The record high water levels in Winnipeg this fall could have a trickle-down effect on the ice conditions and a popular winter activity.
The fluctuating water levels and temperatures have made for risky ice condition on the Red and Assiniboine rivers, creating frazil ice and fault lines.
Experts say a cold snap is needed before the ice can be deemed safe.
“We need weeks and weeks, or at least a week, of a consistent minus 20,” said Dr.
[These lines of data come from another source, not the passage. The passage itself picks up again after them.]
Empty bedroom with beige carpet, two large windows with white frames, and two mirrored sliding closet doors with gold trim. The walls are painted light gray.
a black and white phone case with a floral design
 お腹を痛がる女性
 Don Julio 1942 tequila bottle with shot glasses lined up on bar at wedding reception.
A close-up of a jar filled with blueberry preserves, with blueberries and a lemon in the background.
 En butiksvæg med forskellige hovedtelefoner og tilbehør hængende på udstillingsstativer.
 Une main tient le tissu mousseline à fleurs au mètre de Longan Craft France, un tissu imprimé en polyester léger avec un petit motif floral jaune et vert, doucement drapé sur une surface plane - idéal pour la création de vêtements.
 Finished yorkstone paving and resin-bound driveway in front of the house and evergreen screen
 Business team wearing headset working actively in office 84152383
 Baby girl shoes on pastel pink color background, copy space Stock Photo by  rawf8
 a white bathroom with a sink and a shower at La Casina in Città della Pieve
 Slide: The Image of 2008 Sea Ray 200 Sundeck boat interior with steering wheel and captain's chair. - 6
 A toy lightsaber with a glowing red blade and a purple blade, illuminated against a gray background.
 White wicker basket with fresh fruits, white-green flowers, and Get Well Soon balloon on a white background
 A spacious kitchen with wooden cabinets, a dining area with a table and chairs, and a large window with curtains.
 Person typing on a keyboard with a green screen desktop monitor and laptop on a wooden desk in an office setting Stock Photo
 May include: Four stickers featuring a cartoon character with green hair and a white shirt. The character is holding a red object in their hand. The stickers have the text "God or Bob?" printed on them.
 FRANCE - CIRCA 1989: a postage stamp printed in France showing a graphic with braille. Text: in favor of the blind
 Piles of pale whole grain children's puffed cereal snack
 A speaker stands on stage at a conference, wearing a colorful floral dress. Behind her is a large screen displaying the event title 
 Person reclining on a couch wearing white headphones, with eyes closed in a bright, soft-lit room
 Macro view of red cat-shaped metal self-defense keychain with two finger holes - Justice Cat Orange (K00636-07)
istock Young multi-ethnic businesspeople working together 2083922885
Christopher Love, the Water Smart coordinator with the Lifesaving Society of Manitoba.
“[That’s] generally what we look for — for new, clear, hard ice formation.”
“We just don’t know what this winter is going to bring because we’ve had so many different conditions already,” he added, “and those changing water levels [mean] that even if we do get a nice cold snap at this point that’s going to last for a week, week and a half at minus 20, if the water levels change again after that, it doesn’t matter that we’ve had minus 20.
“The air cavities underneath could cause the ice to collapse and then you’ve got broken ice that then has to refreeze.”
The conditions will also have an impact on the river skating trail at The Forks.
Officials there say while it’s too early to determine how it will impact the river trail, they’re keeping a watchful eye on the conditions.
“The river level is unprecedented, so that’s something we’re contending with,” The Forks North Portage Partnership marketing and communications manager Larissa Peck said.
“We won’t be able to make an official decision on the river trail until we know better in the coming weeks.”
Peck added that whether or not the river trail is a go, there will still be lots of winter activities in The Forks, including skating under the canopy, the lights in Arctic Glacier Winter Park, crokicurl and other skating options.
Peck says the river trail was a no-go in 2000, which is when The Forks introduced the on-land skating trails.